The main focus of the excavation for the past 15 years has been a large religious sanctuary that was in use from about 800 B.C. to 400-500 A.D. The sanctuary, Averett says, was an open-air enclosure where, for centuries, worshippers performed animal sacrifices and other rituals and left offerings to various gods and goddesses.
“Cyprus was much more international and cosmopolitan in terms of the people who lived there, and their religion tends to be an amalgam of Near Eastern, Egyptian and Greek traditions,” Averett says. “The main ritual for ancient Mediterranean religion was animal sacrifice. We’ve found the altar with the burnt animal bones on and around it. We’ve also excavated votives that depict the types of activities that happened in the sanctuary, the worshippers, and the deities venerated here. So archaeology really illuminates our image of the past.”
That said, the program also has much to teach students about the present, she says.
Today, Cyprus is split between the Republic of Cyprus in the south and northern territory occupied by Turkey (the Turkish Republic of Northern Cyprus, established after Turkey invaded the island in 1974, is not recognized as a country by the international community). AAP’s dig site is located in a United Nations buffer zone between the two areas, where signs of the region’s recent past abound.
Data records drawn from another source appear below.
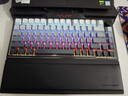 蝙蝠骑士 bk75机械键盘客制化75配列智能翻盖手托有线/无线/蓝牙三模游戏键盘gasket75%配列全键插热拔 墨染尘烟黑色-皮革智能掌托 幽蓝轴V2【麻将音色】 实拍图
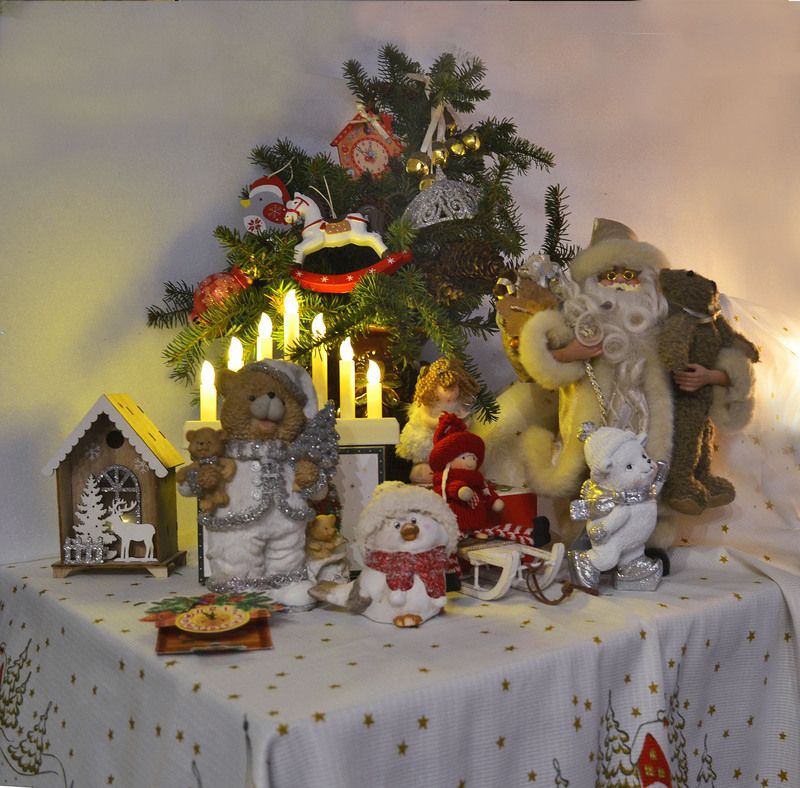 still life, натюрморт,  фото натюрморт, зима, январь, свечи, ветки ели, новогодние игрушки, настроение С Новым годом!photo preview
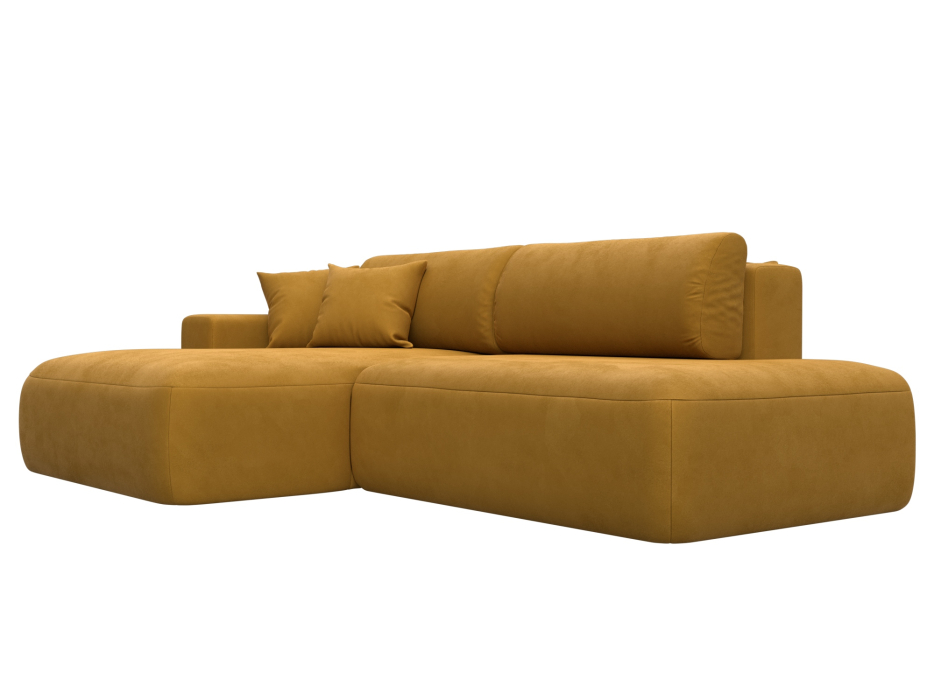 Диваны угловые в гостиную, Диван угловой Лига-036 НПБ Модерн левый угол, велюр BRUT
“Our students learn just as much about recent history and contemporary Cyprus as they do about the past,” Averett says. “I think living in a village, where our project has extremely close and unique ties with the residents and town and where our students interact with Athienites, and excavating in a demilitarized zone really makes students aware that you can’t just separate the past from the present. We’re all kind of working together. And it’s a really cool experience seeing students realize that the past doesn’t exist in a vacuum; they need to learn about and be sensitive to the modern political situation on the island. And that’s something really special about our project.”
As a field school, the program accepts 10-18 undergraduate students each summer from colleges and universities nationwide. The students live in Cyprus for six weeks, gaining excavation and survey experience at the site, while also learning about the entire process of archaeology (from recording to processing to conservation at the lab). They also explore the history of Cyprus in lectures and weekly site tours all over the island.
Students study the basics, such as how to walk around the site without damaging ancient walls or artifacts, while also mastering modern techniques, such as digital imaging and other new technologies.
Though the project is open to students nationally, several of Averett’s students at Creighton have been accepted over the years.
“It was the coolest thing ever. It’s honestly exactly what you see in movies,” says Grace Bryant, a junior art history and cultural anthropology major who spent last summer in Cyprus participating in AAP’s field school. “There was so much going on all the time, and it was really cool to actually see how archaeologists do things.”
On a typical day, Bryant and her teammates would wake up about 5 or 6 a.m. and head to the site and dig until about 2 p.m. Then, they would head to the lab to examine and document the artifacts they found, including pottery sherds, limestone statues, a metal arrowhead and, in one rare instance, small gold flakes.
Later, the group would attend lectures on archaeological methods and the history of Cyprus. In their spare time, Bryant says, the students had the opportunity to explore the island and meet local people.
“My biggest takeaway is, I definitely want to do this,” says Bryant, who hopes to attend graduate school and specialize in Egyptology. “It really hit me while we were there that most of what we know about human history is from archaeological records. It’s really important to keep doing this to teach future generations about history and our past. And it can also tell us a lot about ourselves.”